If ever there were something that could put a permanent damper on global trade it would be the ongoing COVID crisis. Sure, things slowed down at the peak of the crisis, but global trade continues its strong recovery. Recent news events attest to that.
One such event is the reopening of one of the world’s busiest container ports in China. After being shuttered for two weeks following a dockworker testing positive for coronavirus, the Meishan terminal is up and running again.
Container volumes flowing out of China continue to tick upward. There is hope that ongoing shortages of things like computer chips and aftermarket car parts will be history soon enough. And why not? The value of international trade set a new record in the second quarter.
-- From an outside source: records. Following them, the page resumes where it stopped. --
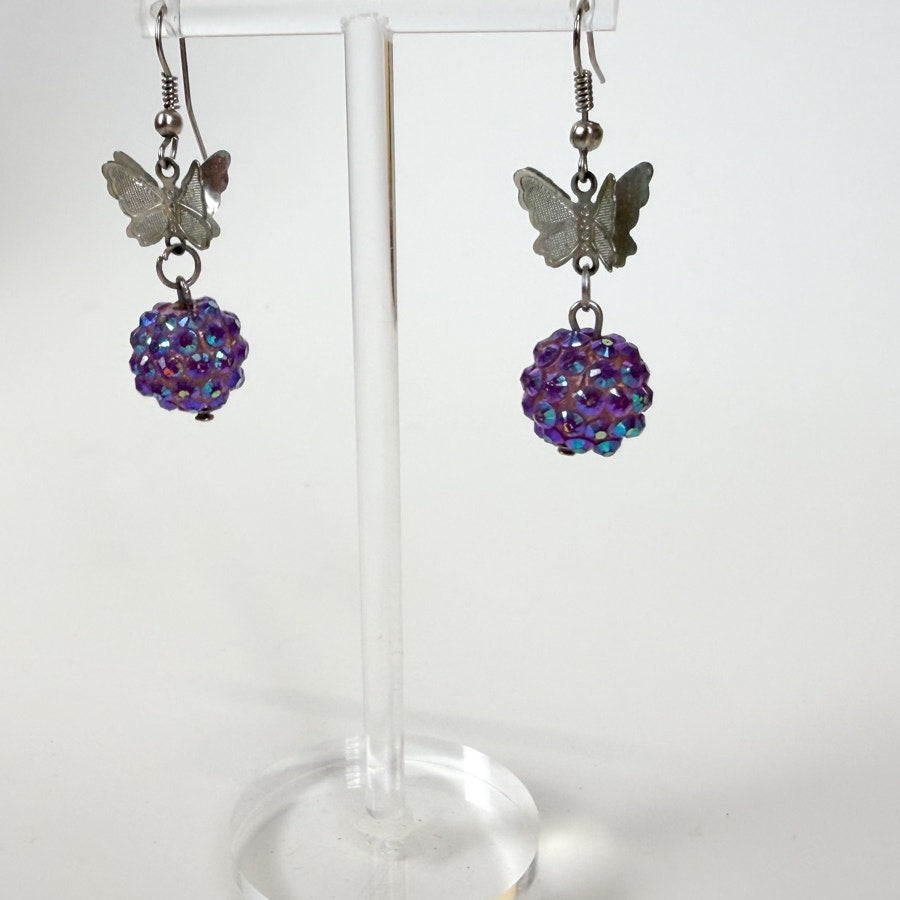 Y2K Butterfly Dangly Earrings Purple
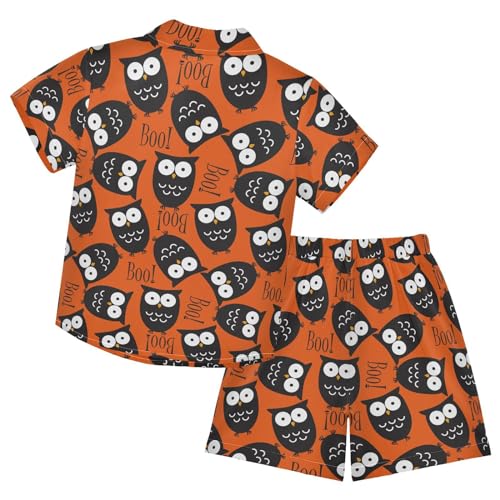 Seamless Cute Owls Boo Birds Short Sleeve Hawaiian Button Down Shirts and Short Sets for Boys Toddler Summer Outfits2
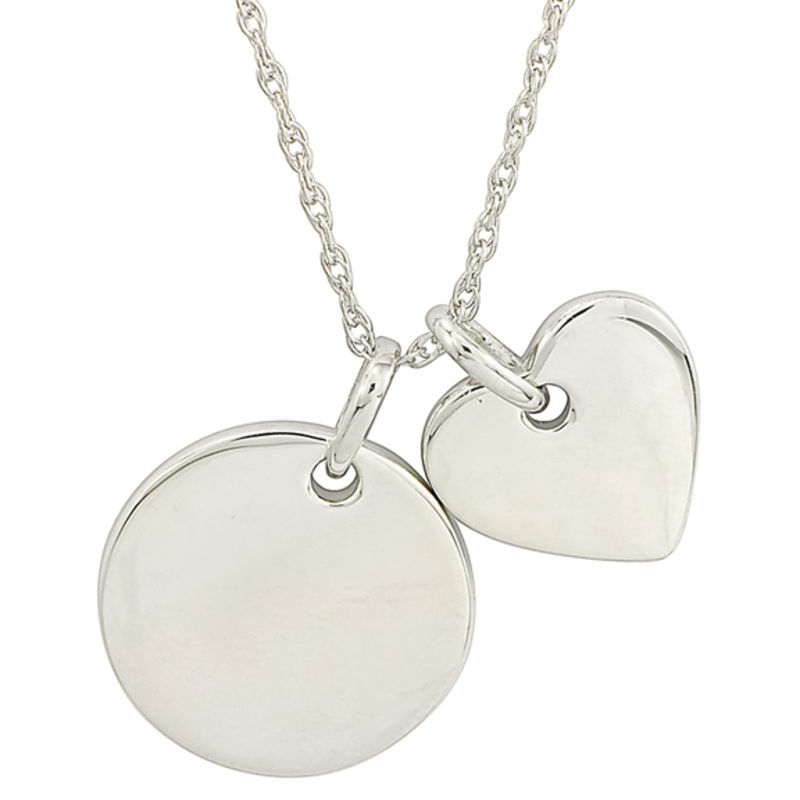 Main Image 1 of Previously Owned - Personality Charms Two Piece Heart and Round Disk Starter Pendant in Sterling Silver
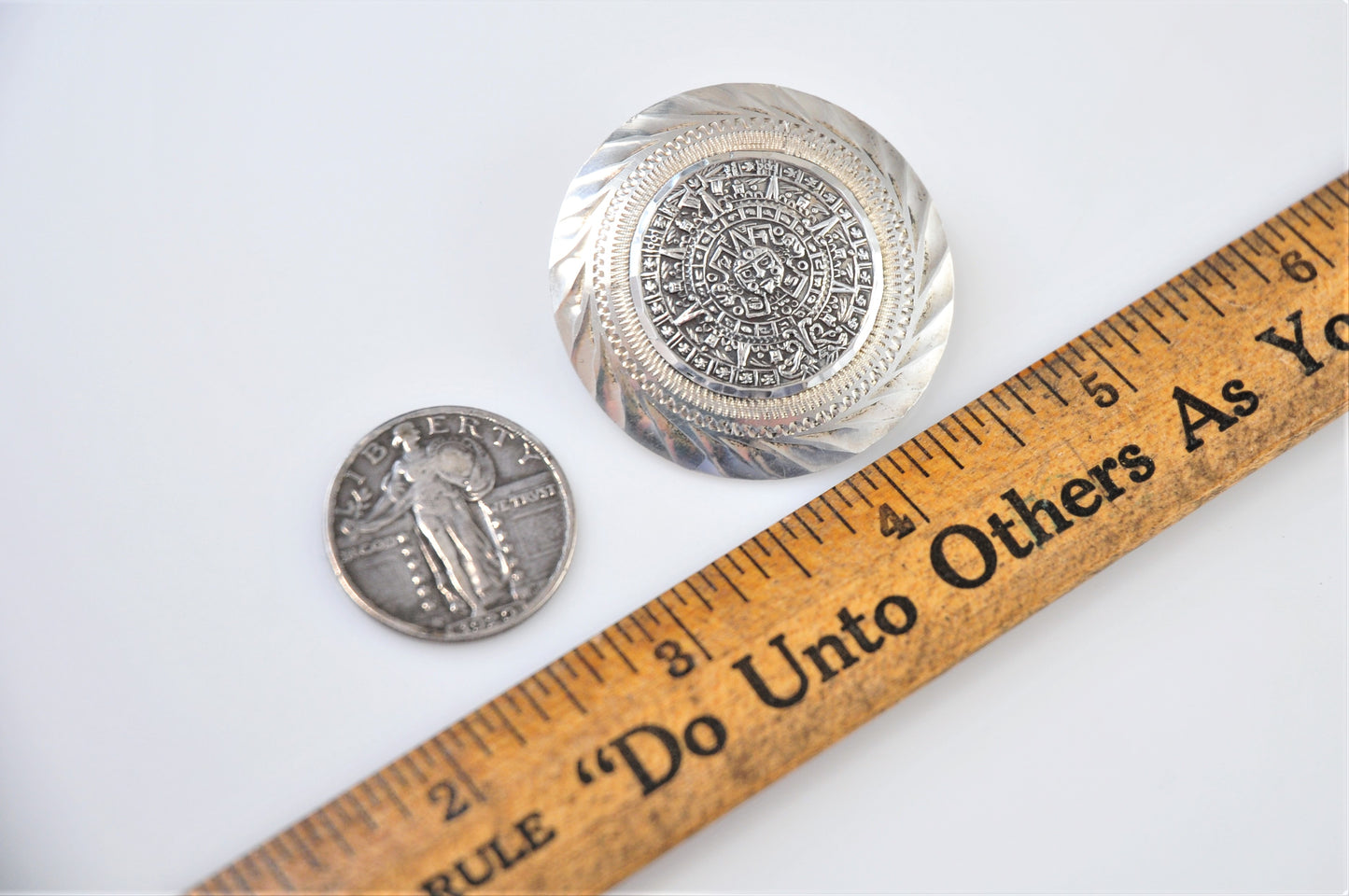 Vintage Sterling Silver Mayan Calendar Brooch Pendant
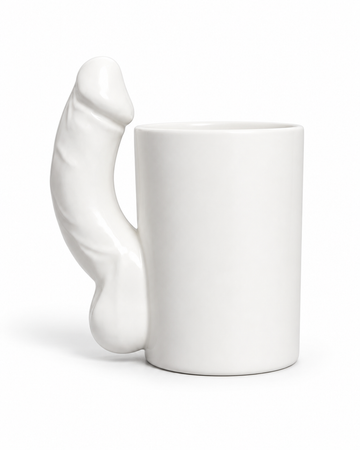DENBC White ceramic mug – The Innovative Handle That Turns Into a Built-In Straw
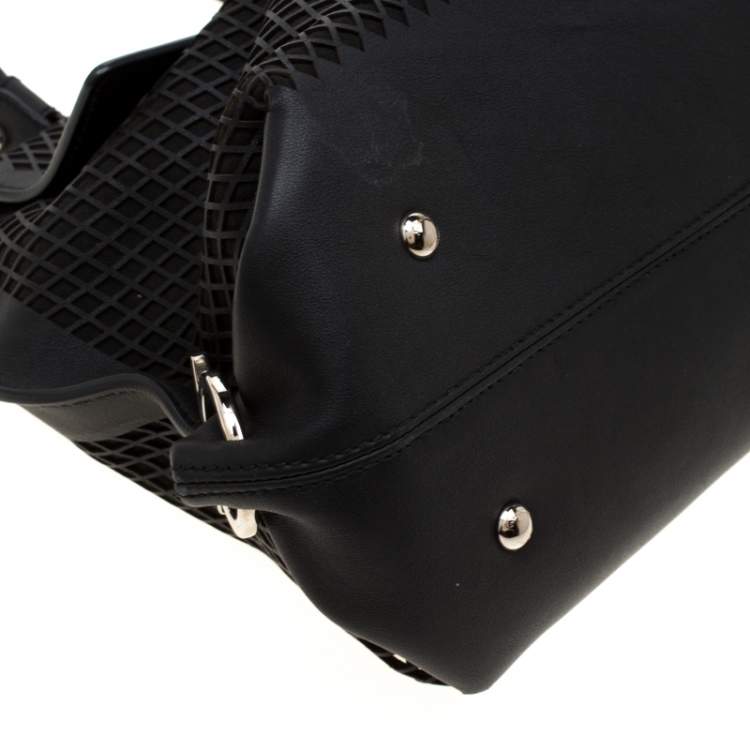 Pre Owned Salvatore Ferragamo Black Lasercut Leather Medium Sofia Satchel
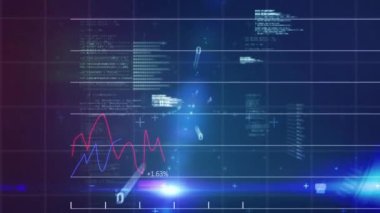 Karanlık arka planda ikili kodlama ve finansal veri işleme animasyonu. Küresel iş, finans, hesaplama ve veri işleme kavramı dijital olarak oluşturulmuş video.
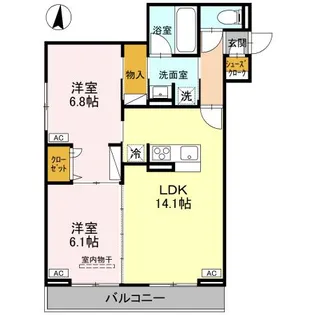 ノーブルパレス芝中田【2階】の間取り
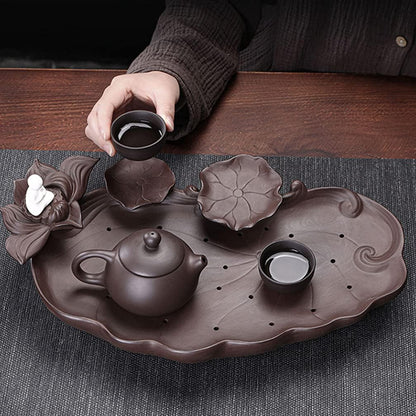 VICASKY Round Tray Round Tray Table Tray Ceramic Tea Tray Handmade Teapot Holder Zisha Ceramic Teapot Mat Teaware Kung Fu Tea Ceremony Accessories for Home Office Round Tray Table Tray Table Tray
Buying and Selling Continues
Vigilant Global Trade Services, a global trade management company based in Ohio, says most of their clients are doing well considering the effects of the pandemic. They say buying and selling continues across the world, a sentiment echoed by the Organization for Economic Cooperation and Development and the European Commission
Data suggests that the total value of merchandise trade now sits about 5% higher than it was prior to the start of the coronavirus crisis. That means consumers are buying more than they were pre-pandemic. And when they buy, imports and exports remain strong.
Here in the States, a surge in consumer demand is being observed in our own ports. The number of containers processed by the Port of Los Angeles in July 2021 was 4% higher than in the same month last year. Meanwhile, a new container handling record was recently set at the Port of Long Beach.
Wondering Whether It Will Last
It is hard to imagine the scope of global trade if you are not in some way involved in it. Numbers provided by a global trade management company don’t tell the whole story. You actually have to see global trade in action to fully appreciate its volume.
With that said, are there any causes for concern that the data isn’t showing us? Possibly. There are those who wonder whether or not the current boom will last. Two potential concerns are commodity prices and stock market volumes.
While the volume of imports and exports has certainly increased, their combined value is an equally important factor. And according to the data, record value these days is due in large part to higher commodity prices. Companies are paying more for the same volume.
Elsewhere, stock markets are approaching record levels. The NASDAQ recently eclipsed the 15,000 mark for the first time. Both of the S&P and Dow are close to eclipsing their own milestones. What does it all mean?
Acceleration May Be Too Fast
Economic experts like to pay attention to acceleration as much as economic growth itself. It is great that global trade volumes are up. Rising commodity prices and robust stock markets are also a good sign. But if they are all accelerating too quickly, we could be in for a bumpy ride in the not-so-distant future.
Economic acceleration is a lot like accelerating in a car. There is a point at which a car’s rate of acceleration becomes dangerous. Step on the gas too hard and you could lose control of your vehicle. It is no different in the economic world.
COVID has not proven a worthy adversary for global trade. It has not kept global trade down. On the other hand, our aggressive response to COVID may be setting us up for a future crash. It is something we have to pay attention to.